Il micromanagement e l’abbandono silenzioso
Voler essere sempre al centro o essere partecipe di ogni decisione da una parte, e disinteressarsi od assentarsi per troppo tempo dall’altra, sono due comportamenti che un buon manager dovrebbe cercare di evitare. Cercare la collaborazione dei propri manager mantenendo alta la loro motivazione è un’arte che non tutti i top posseggono. Ci potremmo chiedere come mai esistono molti CEO o presidenti che non riescono a entrare in sintonia con tutti i loro primi livelli, men che meno avvicinandosi alla base: le dinamiche di ascesa al potere percorrono strade a volte invisibili ai più, e spesso inspiegabili, tanto più quanto le organizzazioni sono estese.
Sta di fatto che c’è sempre un numero di responsabili a cui le cose sembrano andare sempre bene, così placidamente infilati nel loro trantran quotidiano, e probabilmente non cambierebbero nulla per 30 anni di fila.
Il carattere dei manager aziendali d’altronde risente moltissimo della natura del business che si conduce: potrei dire che un’azienda dedita alla produzione industriale di qualcosa ideato e progettato altrove formerà giocoforza una serie di supervisori e manager poco inclini a cambiamenti, innovazioni, specie quando l’emblema aziendale sono affidabilità e qualità, granitiche costanti nel tempo, seppur in miglioramento continuo. In aziende del genere è vitale abituarsi ed abituare a lavorare seguendo rigidi schemi procedurali.
E’ certo che, all’interno di ogni azienda apparentemente solida ed affiatata nei suoi membri, vi sono componenti insoddisfatti. Impossibile quantificarne la percentuale, ma più le aziende iniziano a soffrire di sindrome da gigantismo, più questa si alza. Va da sè che in aziende stabili, con protezioni sociali e finanziariamente solide, il livello motivazionale tende a calare man mano.
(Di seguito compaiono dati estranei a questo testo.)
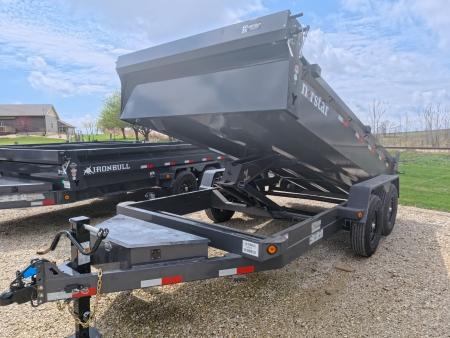 New 2026 Norstar 83 x 14 DCB Gray Dump with 14K GVWR, Scissor Hoist, Slide-In Ramps, 14 K Adj. Coupler with 2 5/16" Receiver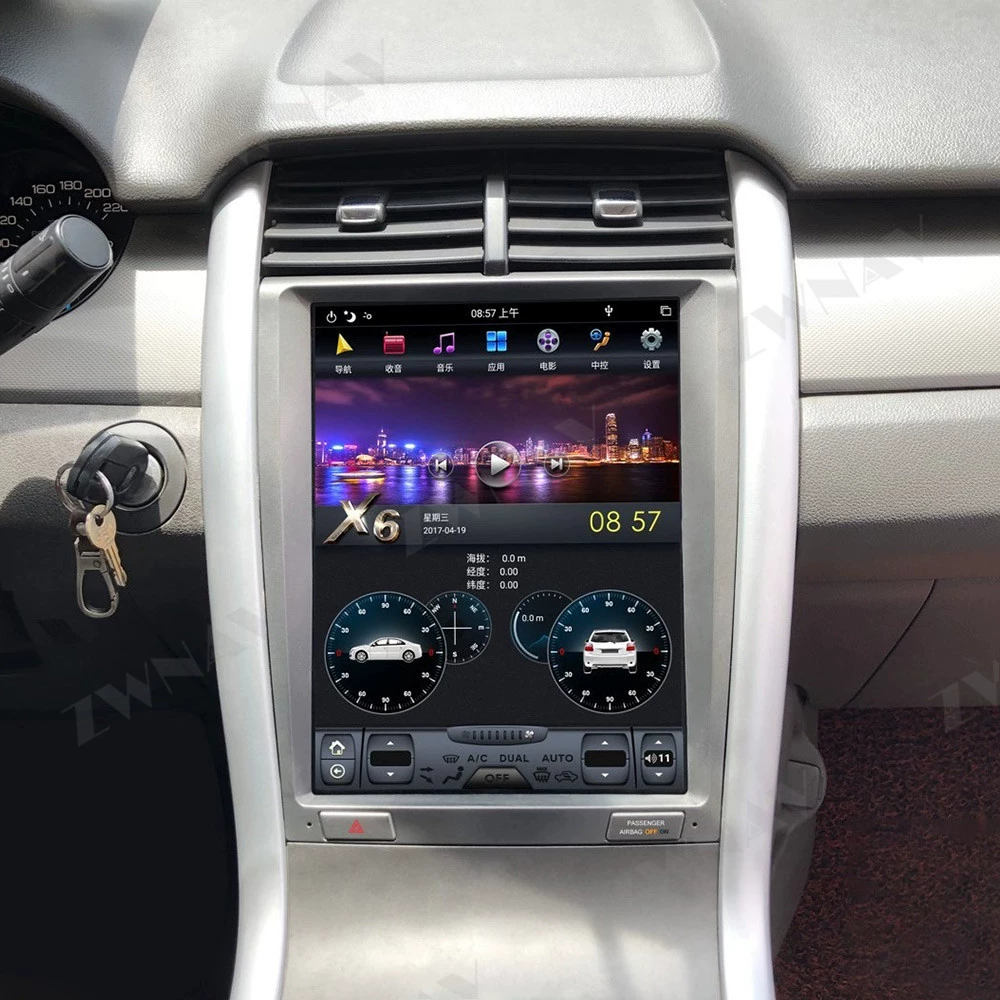 Android 9.0 CarPlay + DSP, подходит для Ford Ruijie 2008-2015, большой вертикальный умный навигатор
La motivazione che si abbassa è il cancro dell’impresa. Alla lunga i rami aziendali affetti da demotivazione diventano secchi e dovranno sottostare a cure spesso poco piacevoli come tagli, cessioni o chiusure; questo perchè inevitabilmente in aziende ove manca la determinazione nel raggiungere gli obiettivi, questi non verranno raggiunti.
Automotivazione
Una ristretta percentuale di manager non ha bisogno di farsi indurre da qualcun’altro la “voglia” di agire per il bene aziendale: i creativi, gli innovatori, sempre più rari e preziosi, sono persone che non dovrebbero mai mancare nel cuore pulsante dell’azienda. Sono motivatori, tipicamente inguaribili ottimisti, visionari ed accettano sfide di ogni tipo. Questa ristretta cerchia di persone non hanno necessità di essere motivati: agiscono di moto spontaneo.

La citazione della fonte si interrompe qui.